25 years ago today
Rarely do you attend a game and have no real interest in the outcome of it but that was how I felt as my Dad drove us to our regular parking spot at The Heights 25 years ago today.
Rick Everitt wrote in his magnificent book ‘Battle for The Valley’ that the atmosphere that day was poisonous and the whole afternoon was a shambles of discontent, and they’re exactly what my memories of the day are. The anger and absolute helplessness had built inside me from a fortnight before when we were handed that extraordinary piece of paper entitled ‘Message to our Supporters.’
Many would argue that 21st September, 1985 was the day that Charlton fans united and that jointly going through the pain of leaving The Valley was the springboard to a new and brighter chapter in the club’s history. It was, but at that moment 25 years ago there wasn’t the slightest glimmer of what the future held.
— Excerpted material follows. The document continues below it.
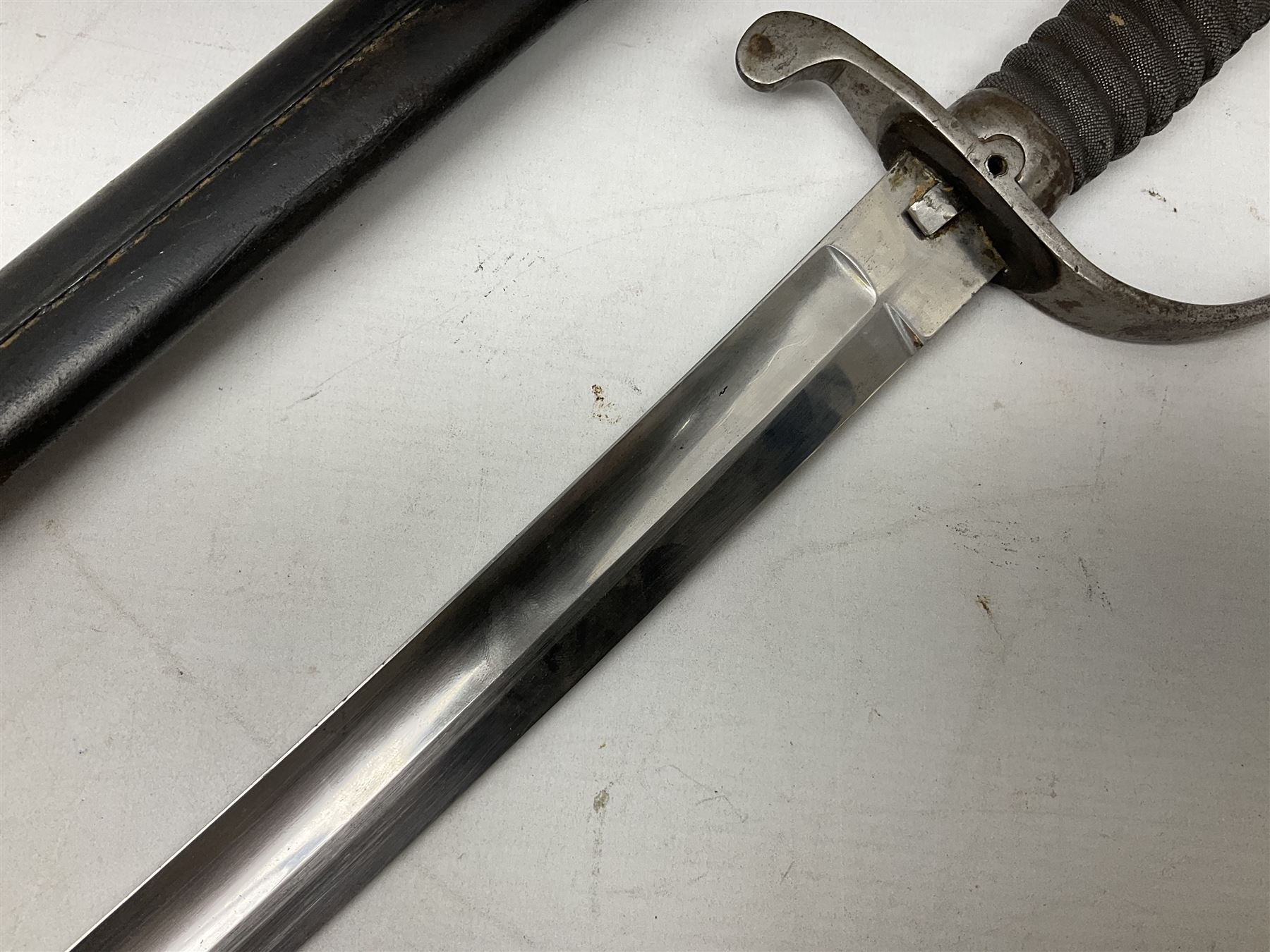 Mid-19th century Custom’s officer/Constabulary sidearm, with plain 60.5cm slightly curving fullered blade double edged at tip,  steel knucklebow and downswept quillon, stepped pommel and ribbed fishskin grip; in leather covered scabbard with steel locket, frog stud and chape L76cm overall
I was there that day but it was a very surreal experience. There was no real media coverage and I had just started my first job and I’m not even sure I’d shared my Saturday afternoon hobby with the people I worked with yet. 8,858 were left to mourn a 66-year old friend alone. No one else gave a shit.
Like others I shouted abuse at nobodies in the stand and was on the pitch after the game, finally getting on from the closed East Terrace once the old bill gave up the chase. I remember only leaving after a man who had climbed the floodlight pylon, was finally coaxed down and my Dad insisted there was nothing else to see.
I took some turf home dug from the pitch and planted it in my Mum’s garden. It died. My brother and I used to drive to the vacated Valley on Sundays afterwards and break in, well it wasn’t really breaking in, it was climbing in and we would wander around and read the grafitti that others had left. We used to have conversations regularly about which team we would support when Charlton died.
I’m sat here with a tear in my eye after reading (again) this thread on Charlton Life and I have a tingle down the back of my spine. What it is to support a real club, eh?
If you have never read Rick Everitt’s ‘Battle for The Valley’, then do anything to find a copy.